Before EVANS, MAJOR, and MINTON, Circuit Judges.
The appellants who hold bonds in the above-named corporation seek by this appeal to set aside an order of the District Court in a chapter X Reorganization Proceeding, 11 U.S.C.A. § 501 et seq., which declared the petition in said proceedings was filed in good faith, and also seeks relief from an order wherein the court appointed a trustee of said debtor and its property.
Stripped of its verbal foliage, the attack is directed to an assault upon the court's finding that the debtor's petition was filed in good faith - a prerequisite of a valid order taking over a debtor's property for reorganization. Such a finding of good faith was specifically made by the District Court in this case, and our inquiry is as to its correctness, factually and legally.
Briefly, perhaps too skimpily, the petition stated that petitioner was unable to pay its debts as they matured. It was filed a few days before maturity of a large bond issue. It stated ownership of two pieces of realty on Diversey Parkway, in Chicago. The one building was a four story office building; the other was a hotel eight stories high. Petitioner asserted this property and furnishings possessed a value of $1,450,000, which, together with other assets including cash on hand of $45,409, totalled $1,512,902.72. It listed total liabilities of $1,424,578 of which its mortgage, due June 1, 1947, amounted to $1,387,500. There had been a foreclosure of the property, instituted in 1932, but before completion of proceedings there was a reorganization followed by the issuance of new bonds. One hundred shares of common stock, having a par value of $10 were also provided for, and it is concerning this stock that much of the instant controversy centers. Appellants contend that stock should have been distributed to the old bondholders (or under the plan it could have been sold and. the proceeds distributed) but instead was retained in a committee headed by one George Pearson (who filed the instant petition) as president. The appellants contend that he has been in control of the property and by the instant proceeding seeks to retain that control for another indefinite period.
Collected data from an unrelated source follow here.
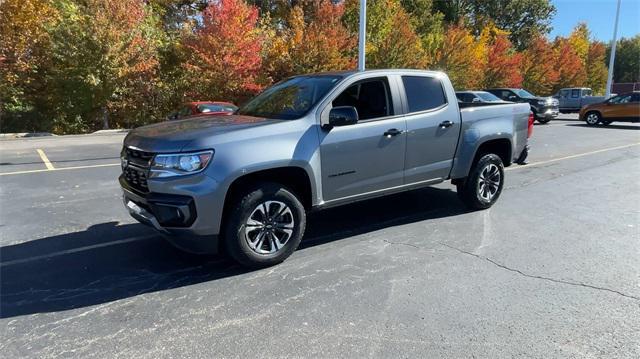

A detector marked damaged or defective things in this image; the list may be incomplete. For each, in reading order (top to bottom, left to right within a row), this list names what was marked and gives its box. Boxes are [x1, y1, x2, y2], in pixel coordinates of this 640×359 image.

crack in pavement [438, 243, 636, 302]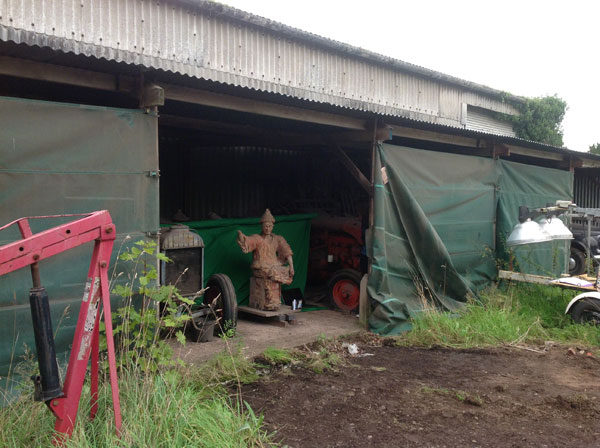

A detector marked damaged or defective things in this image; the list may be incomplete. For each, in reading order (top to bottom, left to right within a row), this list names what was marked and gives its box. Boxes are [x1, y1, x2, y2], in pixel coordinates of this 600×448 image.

rusty machinery [0, 211, 122, 444]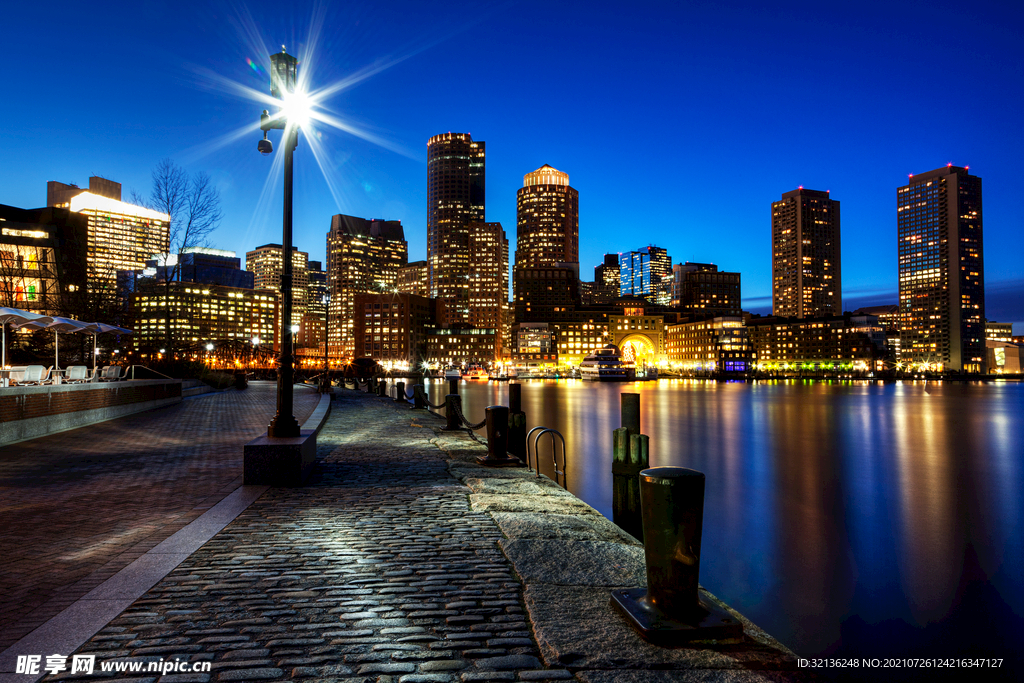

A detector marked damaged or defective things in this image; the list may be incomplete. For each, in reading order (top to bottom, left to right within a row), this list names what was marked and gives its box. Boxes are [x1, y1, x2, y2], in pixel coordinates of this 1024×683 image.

rusted bollard [442, 393, 462, 430]
rusted bollard [473, 409, 520, 466]
rusted bollard [505, 382, 528, 462]
rusted bollard [606, 466, 745, 643]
Appellants are three holders of bonds totalling $21,000. They were the only ones to attack the good faith of the petition. They state that Pearson sought to effect a sale of the property for a couple of months immediately prior to the maturity of the mortgage, and received an offer of $1,200,000, which offer was not submitted to the bondholders for their consideration. Appellants state that since the assets of the petitioner have a value less than the first mortgage indebtedness, the corporation is insolvent and the only plan that can be consummated is a liquidation. They state, "There is no reason to expect that a reorganization which is fair can be approved and the proceeding must be dismissed for want of good faith. Only a liquidation will result; therefore, the proceeding was not instituted in good faith and must be dismissed." No effort was made, appellants state, to obtain a voluntary extension of the mortgage.
In reply to the objections, petitioner points out that no stockholder ever asked that the stock be distributed; that had such stock been distributed, appellants would be entitled to but a fraction of one share, which vote would have carried little weight at any stockholders' meeting.
While it may appear to an impartial observer that properties grossing $216,000 rentals (as stated in the advertisement of sale) should have been able to achieve some reduction in the amount of the first mortgage since 1932, and such inability might not make one too sanguine over the outcome of these proceedings, still the instant proceedings might be a crutch to carry the bondholders through and to the end of their long period of convalescence.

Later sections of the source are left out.